Digital divide debate more relevant than ever

To some, it may seem odd that in a time when the government is scaling back essential public sector services like the NHS and hiking up student fees that it is investing in technology.

However, I’d argue that it’s money well spent.

The decade (plus) old argument about the digital divide has never been more relevant than it is today. Increasingly, we’re seeing utility companies and banks offering reductions and incentives to those who opt to ditch paper statements in favour of electronic billing.

Plus with petrol prices and the cost of public transport spiralling, along with access to fast broadband, it means individuals and businesses can cut costs by working remotely.

Technology is essential for the development of future generations, too, as knowledge of computers plays an increasing role in our children’s education.

Entertainment moving online

Similarly, the future of entertainment is online. Internet-enabled tellies are becoming increasingly popular, even though the launch of YouView has now been pushed back. Nevertheless, we’re also seeing movies delivered via fast broadband connections through rental services like LoveFilm.

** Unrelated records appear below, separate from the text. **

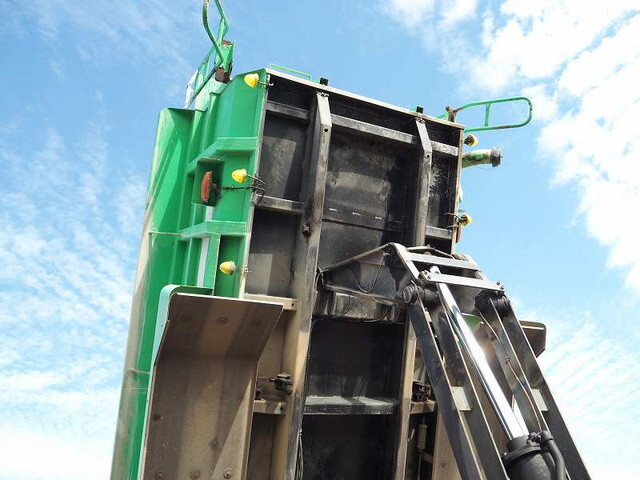 いすゞギガタンク車（タンクローリー）大型（10t）[写真12]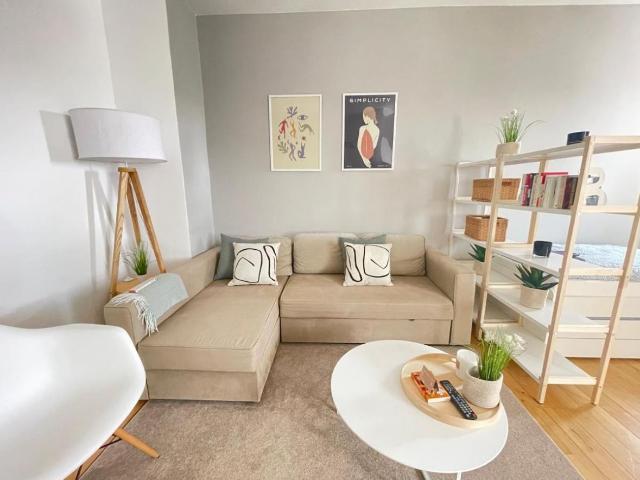 Quiet, cozy apartment in popular area, Hannover Amsterdam Apartments for Rent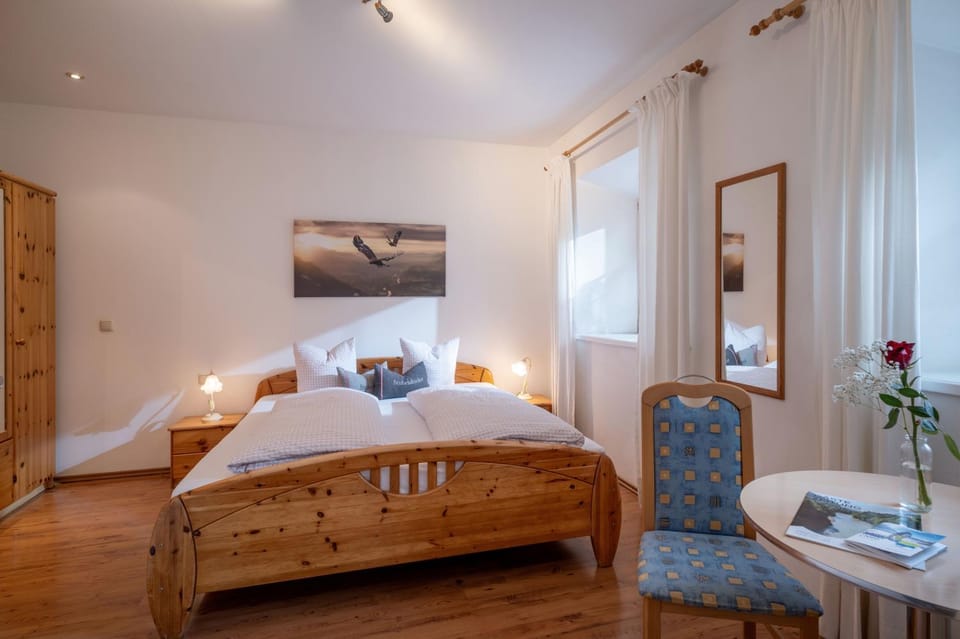 Landgasthof Dorfstadl Inn in Salzburgerland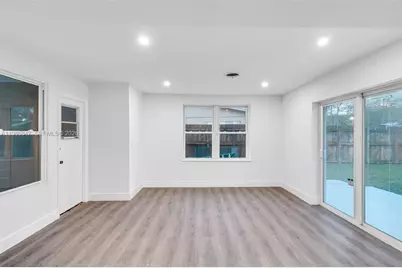 3180 NE 10th Ter, Pompano Beach, FL 33064 - Photo 9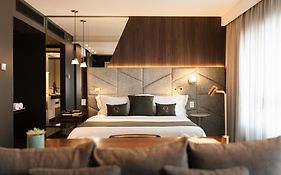 Qoya São Paulo Paulista, Curio Collection by Hilton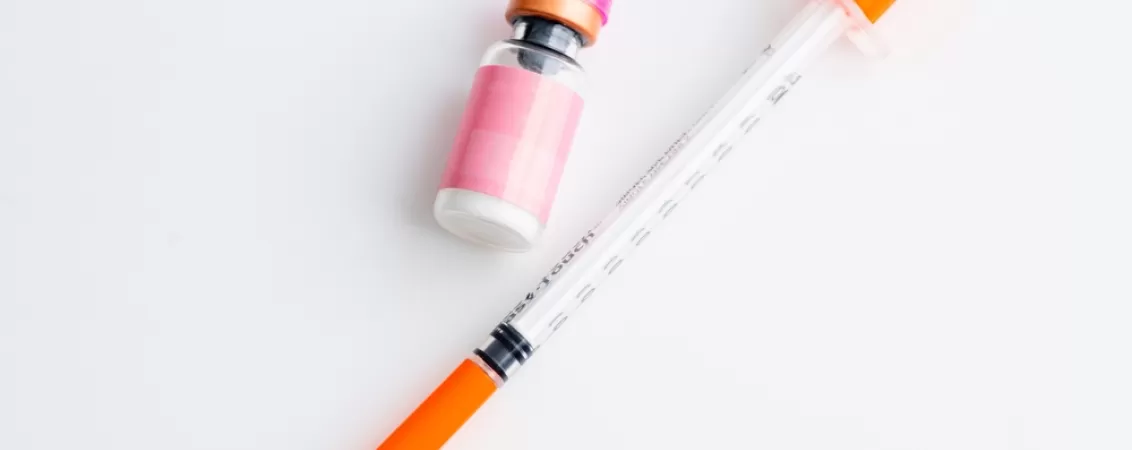 Flacon cu medicament injectabil si seringa de unica folosinta pentru tratament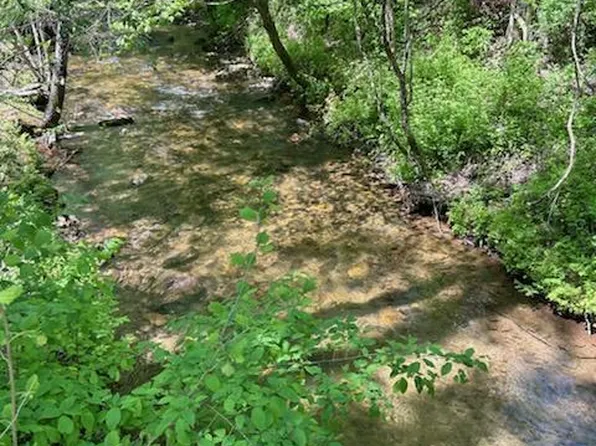 3 Tusquittee Lndg, Hayesville, NC 28904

In my view it’s vital that we invest in a technology infrastructure now so that the same essential services that are facing cuts now can benefit from advances in the future; telemedicine, access to local government services online, online education, secure electronic banking and probably a host of things that haven’t even been thought of yet.


The inability to use a computer for Internet enquiries and for email is already disbarring many people from many parts of our society, which has adopted IT for important functions, such as transport and interfacing with central government. We just renewed my wife’s driving licence on line, and it was brilliantly simple, and much cheaper.
The issue here is how can one overcome this? There are 3 main problems.
One is the cost of ownership, which is dealt with by this scheme.
The second is knowledge of and familiarity with how to use the system. The lack of confidence must be overcome somehow, and libraries have been in the forefront of simple courses. These are a start, but in my voew do not go far enough. The one my wife attended assumed that one wished to use the PC for writing letters, and taught simple use of MS Word. It did not address the Internet. What will now happen to such initiatives?
The third is the biggest stumbling block, for undermining confidence. It is that the operating systems and user interfaces are both complex and unreliable. If and when something goes wrong, the user who has just started out is flummoxed. Faults occur far too often. We seem to be very early in the development of computers for the home, and all software is written by experts who (mostly) cannot imagine how it is to be a beginner. It is only when the home computer is as reliable and straightforward to use as the telephone, that this problem will have been addressed. When will that be? Many will say “Never!”

Getting rural communities on-line will go some way to balancing the transport problems they have. It will reduce their transport costs – but only if high-speed reliable broadband is available. So, this scheme is to be encouraged.

It is technically possible to design a very cut-down system. It would have limited functionality, but could be optimised for a narrow range of uses. What’s needed is an organisation to be able to see a profit in it.